───── Given records ─────

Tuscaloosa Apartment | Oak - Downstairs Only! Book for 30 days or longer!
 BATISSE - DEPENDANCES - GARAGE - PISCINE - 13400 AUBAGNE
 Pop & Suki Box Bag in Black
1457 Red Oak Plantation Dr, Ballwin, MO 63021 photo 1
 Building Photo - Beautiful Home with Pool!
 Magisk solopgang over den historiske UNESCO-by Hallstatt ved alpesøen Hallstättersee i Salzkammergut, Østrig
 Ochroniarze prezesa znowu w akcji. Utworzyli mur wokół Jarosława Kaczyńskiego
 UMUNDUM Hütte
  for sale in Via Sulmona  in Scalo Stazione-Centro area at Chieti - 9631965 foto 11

─────

=== What the task requires ===
Nothing should be left out. Reproduce all the entries precisely.

=== Response to this task ===
Tuscaloosa Apartment | Oak - Downstairs Only! Book for 30 days or longer!
 BATISSE - DEPENDANCES - GARAGE - PISCINE - 13400 AUBAGNE
 Pop & Suki Box Bag in Black
1457 Red Oak Plantation Dr, Ballwin, MO 63021 photo 1
 Building Photo - Beautiful Home with Pool!
 Magisk solopgang over den historiske UNESCO-by Hallstatt ved alpesøen Hallstättersee i Salzkammergut, Østrig
 Ochroniarze prezesa znowu w akcji. Utworzyli mur wokół Jarosława Kaczyńskiego
 UMUNDUM Hütte
  for sale in Via Sulmona  in Scalo Stazione-Centro area at Chieti - 9631965 foto 11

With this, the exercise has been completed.